SPEAKER: So actually, "Dracula," then the image of a male vampire is very contrary to earlier versions of vampires who are female.

PAM KEESEY: Yes.

SPEAKER: Are they all necessarily lesbian?

PAM KEESEY: No. Actually, I think what happens is that the vampire becomes this taboo creature. And so this taboo creature deals with all sorts of our own taboos in terms of dealing with death, in terms of taking life, but also in terms of sexuality.

The sexual relationship between the vampire and the victim becomes almost polymorphous. It's the vampires are attractive to everyone and the vampire is attracted to everyone. So that whole ambiguity about sexuality is a major part of the vampire lore.

SPEAKER: The word vamp in the 1920s was used to describe a woman who was very sexual, and very sure of herself and was almost preyed on other women's menfolk in a way. How did that how does that whole fit-- that whole image fit into this?

PAM KEESEY: Actually, it surprised me. I started my research at a very basic level by going to the Oxford English Dictionary because it's the biggest one. I looked up vampire and it actually refers to vamp.

So there's a very literal connection between vamp and vampire and that whole-- again, that idea of dealing with what is taboo, the free woman who doesn't live by somebody else's rules, and again, with the sexuality, the sexual nature, she's attractive to everyone and attracted to everyone. And some of the most famous vamps of the 1920s were usual-- in their own lives, often were bisexual, but also were portrayed in their roles as being bisexual or just being attractive to everyone. So there's a very strong connection there.

SPEAKER: I really didn't realize-- not to be ignorant, but I really didn't realize that these stories went back hundreds of years literally.

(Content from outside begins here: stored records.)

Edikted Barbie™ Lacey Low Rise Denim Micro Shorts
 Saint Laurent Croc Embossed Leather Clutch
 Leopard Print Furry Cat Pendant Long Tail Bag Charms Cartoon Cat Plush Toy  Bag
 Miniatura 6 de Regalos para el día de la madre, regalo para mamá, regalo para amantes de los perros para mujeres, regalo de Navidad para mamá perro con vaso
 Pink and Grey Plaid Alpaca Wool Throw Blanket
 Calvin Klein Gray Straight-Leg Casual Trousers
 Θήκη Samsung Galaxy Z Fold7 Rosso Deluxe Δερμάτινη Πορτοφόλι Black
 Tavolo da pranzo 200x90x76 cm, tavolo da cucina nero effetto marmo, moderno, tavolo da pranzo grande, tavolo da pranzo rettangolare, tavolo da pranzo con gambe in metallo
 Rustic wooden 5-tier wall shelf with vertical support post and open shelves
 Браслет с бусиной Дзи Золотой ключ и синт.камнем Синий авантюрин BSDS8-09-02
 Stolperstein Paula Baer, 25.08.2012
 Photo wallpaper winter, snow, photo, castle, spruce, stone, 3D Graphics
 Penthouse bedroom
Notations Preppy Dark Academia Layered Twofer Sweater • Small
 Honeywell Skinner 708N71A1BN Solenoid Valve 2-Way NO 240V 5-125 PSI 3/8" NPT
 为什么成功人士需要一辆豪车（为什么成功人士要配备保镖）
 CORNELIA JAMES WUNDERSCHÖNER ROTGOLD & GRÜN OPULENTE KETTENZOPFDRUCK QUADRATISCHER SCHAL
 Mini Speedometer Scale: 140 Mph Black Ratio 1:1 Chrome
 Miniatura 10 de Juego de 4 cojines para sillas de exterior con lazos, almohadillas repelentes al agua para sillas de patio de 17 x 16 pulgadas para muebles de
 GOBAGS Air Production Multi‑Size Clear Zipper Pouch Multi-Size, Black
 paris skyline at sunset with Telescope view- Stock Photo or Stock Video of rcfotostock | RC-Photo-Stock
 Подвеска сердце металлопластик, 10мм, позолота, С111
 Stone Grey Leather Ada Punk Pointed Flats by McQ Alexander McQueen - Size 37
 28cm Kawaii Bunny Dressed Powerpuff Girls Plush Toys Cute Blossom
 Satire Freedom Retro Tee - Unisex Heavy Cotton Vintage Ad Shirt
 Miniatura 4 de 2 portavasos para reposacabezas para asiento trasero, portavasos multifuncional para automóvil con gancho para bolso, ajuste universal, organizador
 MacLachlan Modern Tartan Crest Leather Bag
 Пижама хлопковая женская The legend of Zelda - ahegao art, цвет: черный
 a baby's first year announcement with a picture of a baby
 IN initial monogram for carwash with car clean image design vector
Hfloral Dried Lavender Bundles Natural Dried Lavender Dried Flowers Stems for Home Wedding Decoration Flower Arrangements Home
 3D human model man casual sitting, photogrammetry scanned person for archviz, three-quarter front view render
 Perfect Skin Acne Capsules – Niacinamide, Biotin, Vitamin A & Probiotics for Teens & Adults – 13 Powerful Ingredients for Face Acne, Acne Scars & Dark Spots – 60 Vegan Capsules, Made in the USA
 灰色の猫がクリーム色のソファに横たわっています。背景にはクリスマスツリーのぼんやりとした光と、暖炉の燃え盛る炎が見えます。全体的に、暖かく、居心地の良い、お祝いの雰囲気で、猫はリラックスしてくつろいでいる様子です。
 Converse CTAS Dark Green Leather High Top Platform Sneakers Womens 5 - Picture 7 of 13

PAM KEESEY: Literally, yes.

SPEAKER: Way back when you're talking about the goddesses, why do you think these stories have remained hidden for so long, especially when it comes to lesbian vampire stories?

PAM KEESEY: I think a lot of that has to do with the Victorian age. The first identifiably lesbian vampire that came about in the English language was in 1817, and it's a poem by Samuel Coleridge, who's a very well-known poet. But his poem, "Christabel," is less well known. And although he doesn't use the word vampire or any of the words related to vampires, there's definitely the relationship of the vampire to the victim in the sense that the victim starts to weaken and becomes more pale while the vampire becomes stronger.

That poem became a very significant influence for the writing of Carmilla. It was in the 1870s when a lot more research was coming out about bisexuality and homosexuality and definitely in the sense of condemning what it meant to be homosexual. So this story is very telling in that it is condemning relationships between women and saying, this is what can happen to you if you form too close a relationship with another woman, especially if it's, in this case, considered to be young women. This is dangerous and this could ruin the rest of your life.

SPEAKER: I can see why that was taboo.

PAM KEESEY: Yeah, very taboo.

SPEAKER: Is there something that goes beyond the sexuality, and the blood, and gore of vampire stories, and there's actually a larger message here?

PAM KEESEY: I think there really is, especially starting in the 1970s where we start to see stories from the vampires' point of view rather than from the victim's point of view, start to see the struggle that the vampire is going through and trying to figure out the vampires place in society because they live alongside us. And I think this is one of the things that Anne Rice in particular touches on. What does it mean to live in a society that is predominantly Christian when you are one of those who is supposedly damned by God? What does it mean to take a human life, to think and act like a human, but also depend on humans for the life, for the blood that they get from humans?

And I think it really does raise a lot of questions about the human being's relationship to the world around them and what that spiritual relationship is. Because we are looking at questions of, who has innate value, who is damned, who is not damned? And this is something that the vampire, as a figure, helps us to look at in a completely different way because the vampire is able to look at it in the scope of several hundreds and sometimes even thousands of years.